Anayasal düzeni zorla değiştirmeye kalkışmak suçundan 07/11/1996 tarihinde gözaltına alınıp tutuklanan davacı F..B.. 01/11/2004 tarihinde tahliyesine karar verilmiş ve yargılaması daha sonra tutuksuz olarak devam etmiştir.
Davacının ilk mahkumiyeti 21/04/1999 tarihi olup 765 sayılı TCK’nın 168/2 ve 3713 sayılı Kanunun 5. maddesi gereğince 12 yıl 6 ay hapis cezasıdır. Mahalli mahkemenin vermiş olduğu mahkumiyet hükümleri Yargıtay 9.Ceza dairesinin 01/02/2000 ve 27/11/2001 tarihli karaları ile bozulmuş ve nihayetinde 29.12.2008 tarihinde son olarak mahkemenin 5237 sayılı Türk Ceza Kanunu’nun 314/2 ve 3713 sayılı Kanun’un 5. maddesi gereğince 6 yıl 3 ay hapis cezasına dair hükmü 9. Ceza Dairesinin 29/03/2010 tarihli onama kararıyla kesinleşmiştir.
Hükmün kesinleşmesinden sonra 466 sayılı Kanuna göre süresinde haksız tutuklamadan dolayı tazminat davası açılmıştır.
Dairemiz çoğunluğunca davacının yargılandığı 765 sayılı Türk Ceza Kanununa göre aldığı 12 yıl 6 ay hapis cezasının sonradan yürürlüğe giren TCK hükümleri nedeniyle daha az ceza aldığı ve böyle bir kanun değişikliği olmamış olsaydı tazminat alamayacak olduğu düşüncesiyle mahalli mahkemenin tazminat verilmesine dair hükmü bozulmuştur.
Bozmanın yerinde olmadığını ve faize de hükmedilmemesi nedeniyle de hükmedilen manevi tazminatın makul olduğunu düşündüğümüzden aşağıdaki gerekçelerle sayın çoğunluğun bozma yönündeki düşüncesine katılmıyoruz.
Şöyle ki;
1- Davacının tutuklu kaldığı 7 yıl 11 ay 24 günlük süreden yine davacının mahkum olduğu 6 yıl 3 ay hapis cezasının şartla tahliye tarihi nazara alındığında, 3 yıl 3 ay 18 gün fazladan tutuklu kaldığı ve bu süre için 12.Ceza Dairesinin 24.01.2013/24083-1 sayılı kararında ayrıntılı olarak açıklandığı üzere şartla tahliyeden fazla tutuklu kalınan süreler için tazminata hak kazandığı ortadadır.

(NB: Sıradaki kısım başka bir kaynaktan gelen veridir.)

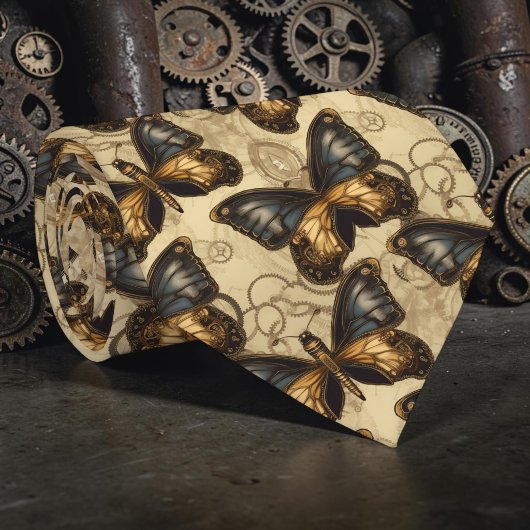 Steampunk Industrial Custom Necktie Tie Krawatte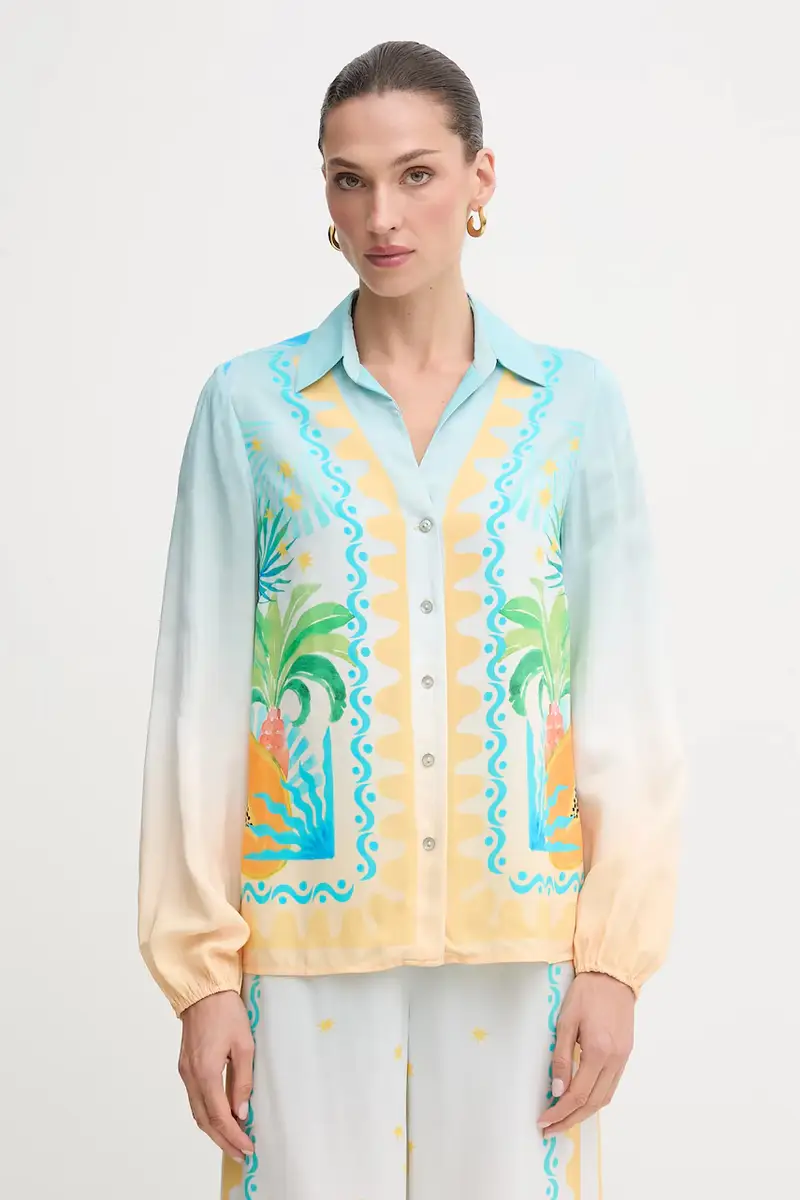 camicia Miley donna colore blu NFDTO1782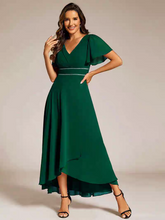 將圖片載入圖庫檢視器，The Armenia Flare Short Sleeves Gown (Available in 3 Colours) - WeddingConfetti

2- Davacı 765 sayılı TCK’na göre 12 yıl 6 ay hapis cezası alıp bu hükmün kesinleşmesinden sonra yürürlüğe giren yeni TCK hükümleri karşısında uyarlama yargılaması sonucu daha az cezası azalmış olsaydı tazminata hak kazanmayabilirdi. Çünkü 5271 sayılı CMK’ın 144/1-a maddesi “Tazminata hak kazanmadığı halde sonradan yürürlüğe giren ve lehe düzenlemeler getiren kanun gereği durumu tazminat istemeye uygun hale dönüşenler” tazminat isteyemezler hükmüne göre tazminat isteyemeyecekti.
3-Davacının tazminata hak kazanması tutukluluğun fazla olması nedeniyledir. Eğer davacı 7 yıl 11 ay 24 gün yerine 4 yıl 8 ay 6 gün tutuklu kalmış olsaydı tazminata hak kazanamazdı. Çünkü aldığı ceza infaz hükümlerine göre değerlendirildiğinde cezaevinde kalması gereken süre bu kadardır.
Açıkladığımız bu nedenlerden dolayı 3 yıl 3 ay 18 gün fazladan cezaevinde kalan davacı için hükmedilen ve faiz de işletilmeyen 50.000 lira manevi tazminatın makul olduğu ve hükmün onanması gerektiğini düşündüğümüzden sayın çoğunluğun bozma yönündeki düşüncesine iştirak etmiyoruz.